I'll briefly explain this problem I faced.

Let's take this simple signal: $$x(n)=\cos(\pi n)$$ The signal is not absolutely summable, however we can define its DTFT in terms of distributions. That is: $$X(e^{j\omega})=2\pi \delta(\omega+\pi+2\pi k)$$ Note that the impulse has amplitude equals $2\pi$.

Now, let's take this signal: \begin{equation} y(n)= \begin{cases}1 &n=0\\-1 &n=1\\0 & \text{elsewhere} \end{cases} \end{equation} and compute the DTFT of this signal according to this definition: $$X(e^{j\omega})=\sum_{n=-\infty}^{\infty}x(n)e^{-j\omega n}$$ We obtain: $$Y(e^{j\omega})=1-e^{-j\omega}$$ Computation of the DFT of the signal returns: $$Y[0]=0\qquad Y[1]=2$$ so, ok, DFT is the sampled version of the DTFT because $Y(e^{j\omega})$ evaluated in $\omega=0$ and $\omega=\pi$ turns out to be exactly the values calculated from the DFT.

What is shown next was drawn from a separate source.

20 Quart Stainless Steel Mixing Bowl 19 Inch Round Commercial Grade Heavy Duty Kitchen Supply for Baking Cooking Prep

Anyway, how can I explain the amplification by $2\pi$ in $X(e^{j\omega})$? Note that using the following definition of DTFT the problem doesn't appear: $$X(e^{j2\pi f})=\sum_{n=-\infty}^{\infty}x(n)e^{-j2\pi f}$$ because the transform of $x(n)$ in terms of distributions is: $$ X(e^{j2\pi f})=\delta(f+0.5+k) $$ which has amplitude 1. Moreover: $Y(e^{j2\pi f})=1-e^{-j2\pi f}$.

So, is the definition of DTFT using $\omega$ wrong?

alain
  • 11

0 Answers0